President, Dr Irfaan Ali is of the firm conviction that the CARICOM Region has the competitive advantage to position its food market as high-value and specialised.

With a consensus across the region on the need to enhance food security, the Headof State said efforts could be made to overhaul the system and revolutionise food production.

He recently told investors and key enablers virtually at the Caribbean Agri-Food Investors Conference that countries need to create a structure, where agriculture production is one component of a “highly integrated food production system”.

The region, he noted, needs to think big and envision an ecosystem of development, which will amplify the production of traditional crops, enhance the growth of non-traditional crops and facilitate their rapid movement while lowering their overall production cost.

He also listed the proximity of the region to the North American market and highlighted the potential of the production of fish and shrimp (via aquaculture), honey, spices, cocoa, coffee, barley, corn, and soya, among local fruits and vegetables and non-traditional crops.

The President said, “How do we use these opportunities to create value, expand the market and produce high-value crops? Because it must be targeted, high-value crops that we’re looking at, whether it’s the very strawberries that you’re importing, the grapes that you’re importing, whether it’s the spices, green leafy vegetables, broccoli or cauliflower.”

The President also explained that historically there has been “a very narrow view of agriculture that limits it to people working in a field”. He said that agriculture has changed and the opportunity is available to invest, modernise and transform.

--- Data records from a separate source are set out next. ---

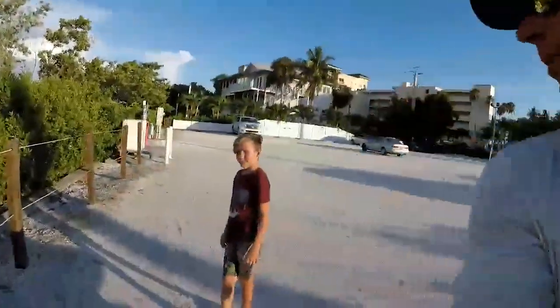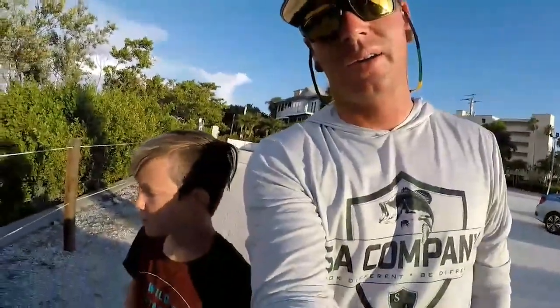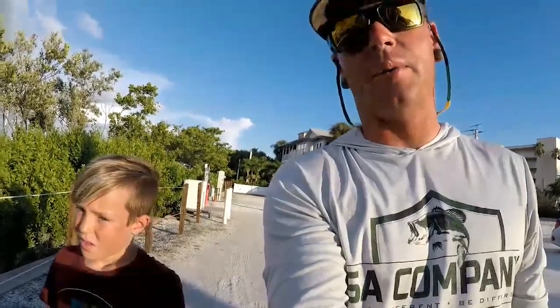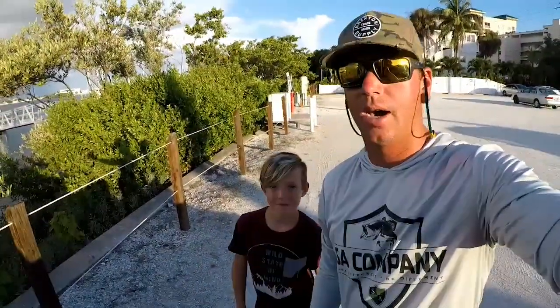What up SA Nation? We just finished up our little snook adventure. Kind of played out the way I thought it would. Usually only come to this spot and get one, two, three shots at big ones. Today I went one for one and Logan went one for one. We both caught a good snook and you guys are going to see that obviously or you've already watched it.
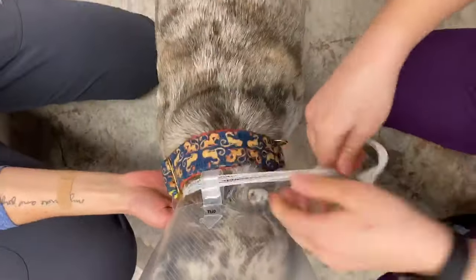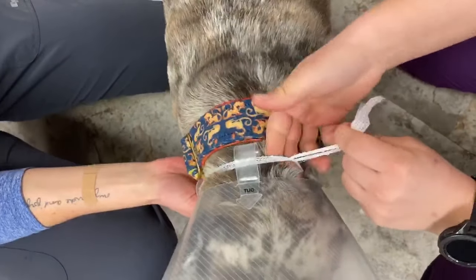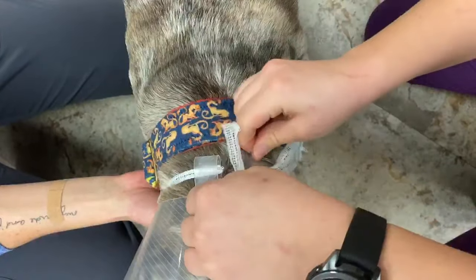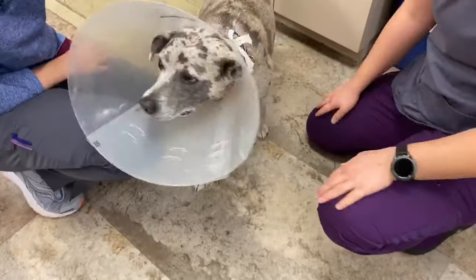With your gauze, you want to tie it just tight enough where you can fit about two or three fingers under it and it doesn't move around. So I'm just going to bunny knot it. And then we're good. It doesn't come off, it's nice and snug. And that's it. Thank you.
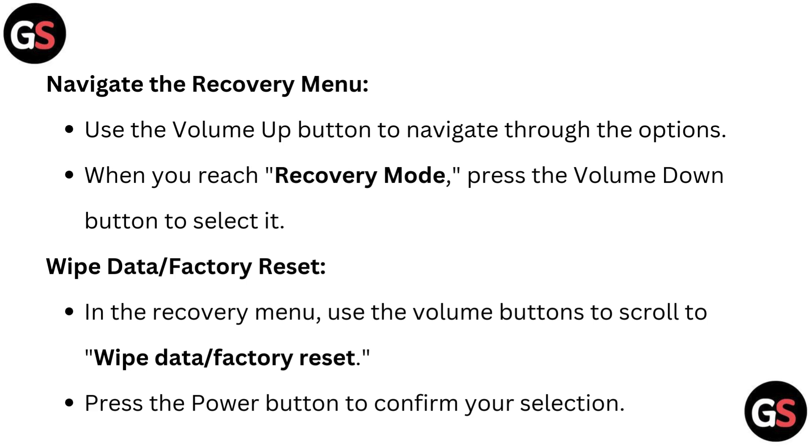Wipe data or factory reset. In the recovery menu, use the volume buttons to scroll to wipe data or factory reset. Press the power button to confirm your selection.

“We’re speaking about creating a business and economic model that works; that works for the investor, works for the people and works for the country in the context of what we want to achieve, and that context is food security and to create a high-value market.”

CRITICAL ISSUES

The President also explained that one of the critical issues in creating the integrated system and high-value market is transport and logistics. This, he said, has been the “greatest bugbear of interregional trade”.

“So there are tremendous opportunities in the transport and logistics aspect of the food production system, beginning from primary production to highly specialised value-added production.”

To address this, the President suggested that agricultural opportunities available in northern Brazil be examined and that the food production system be re-engineered to utilise the potential of the Portuguese-speaking nation, which can be moved through Guyana and into the Caribbean and North America.

With this option, the President said, food would be able to get to the Caribbean and further up north through Guyana in less than 72 hours. This, he explained, is only possible if there are tangible investments in the transportation, logistics and food hub ecosystem that are part of an integrated system. The existing transport system for food moving from northern Brazil to North America takes almost three weeks.

“That is the first positioning I want to put to you, what constitutes the regional food hub, the infrastructure that must come in supporting that food hub, supporting the transport and logistics opportunity, the distribution opportunity, the value-added opportunity that will come.”

The President also spoke of the need for investments in technology and modernised agriculture, training and development, infrastructure, and sustainable and resilient systems.

Guyana currently holds lead responsibility for agriculture, agricultural diversification and food security in the CARICOM Quasi-Cabinet.